Christmas Mass at St. Peter's Basilica, Vatican City

Christmas Mass at St. Peter’s Basilica, Vatican City

’Tis the season for so many things: for carols and frenzy, for out-of-control to-do lists and calm lit-by-Christmas-lights rooms, for crazed children and too much.

And then there’s Christmas Mass.

We’ll have to get there really, really early, because we want a seat. And we’ll be squished and uncomfortable and the kids will be done well before we’re even close to done. And there won’t be the magic of Midnight Mass, one of my very favorite Catholic traditions, because we’ve shelved that for the time being. (Call us crazy: we’ve placed a higher value on our sleep than on the beauty of that particular Mass.)

But as I sit there, wearing heels and makeup and considering the transformation well-placed flowers and lights can make on a space, I won’t be able to stop myself from looking around.

There will be at least two-and-a-half times as many people in Mass as usual. Many of them will be people who don’t make Mass a regular habit in their lives. Many of them will be people who are uncomfortable less because of the crowdedness and more because it’s been a while since they’ve been at Mass.

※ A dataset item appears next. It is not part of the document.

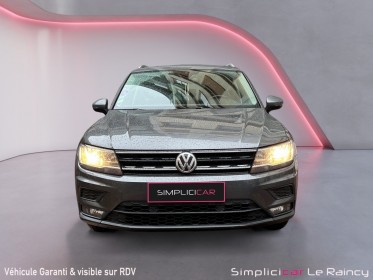 Volkswagen tiguan 1.4 tsi 150 bmt dsg6 sound occasion le raincy (93) simplicicar simplicibike france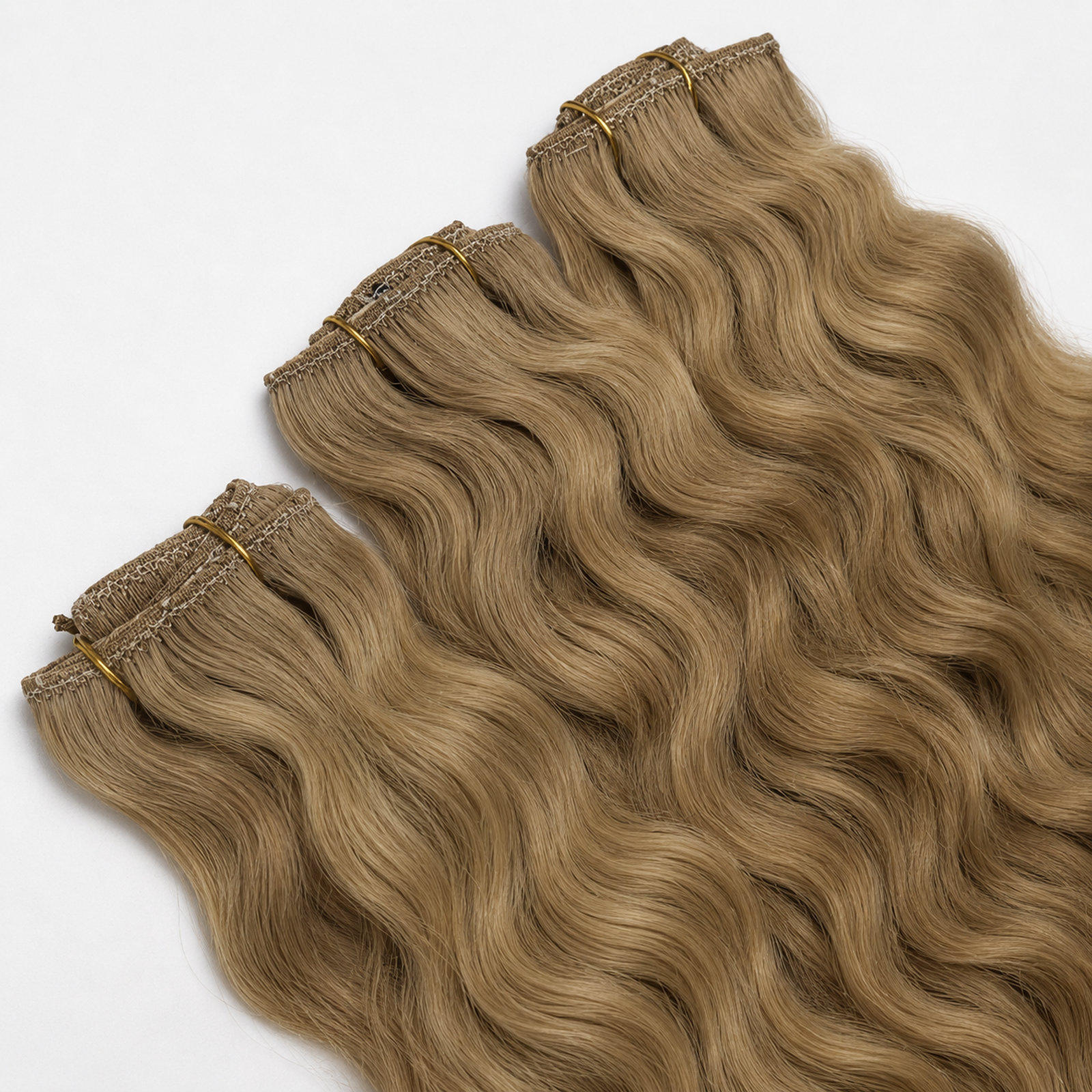 Weave In Extensions gewellt Premium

It’s all too easy to complain about these C&E Catholics. In fact, working in the parish for a decade, I caught myself annoyed a time or two.

Over the years, though, I’ve softened. And this year, something in me snapped as I thought about the folding chairs and the fire hazards and the inconvenience of it all.

No matter how secular Christmas has gotten, how focused on stuff and stretched in the wrong direction and made into a caricature of what it should be, our churches are still packed on Christmas Eve.

Why is that?

Hope.

No matter how “culture of death” our society has become in all the sly, slithering, sneaky ways of contraception and regulated family size, there’s still something about a baby. I’ve never been a baby person, and even I can’t help ooo-ing and ahh-ing over a new human being. There’s just something there (even if I don’t want to hold them or snuggle them just yet, thankyouverymuch), some inkling that points to something greater and brighter.

Christmas is about a baby. And somehow, however poor our catechesis, however bad our liturgy, however lukewarm our approach, many of us get that. And we show up on Christmas Eve, maybe out of habit or maybe out of compulsion. Maybe we’re there because Grandma won’t have it any other way.

In those filled pews, there is hope: hope for the world and hope for our Church, hope for humanity and hope for me.

Jesus comes to us at every Mass, but he’s all too easy to ignore. Once a year, he’s somehow more accessible. He’s a baby. And people just can’t stay away.

Let’s scoot a little closer and smile a little wider. Our Savior’s coming, and the world knows it, even if they pretend to be in denial!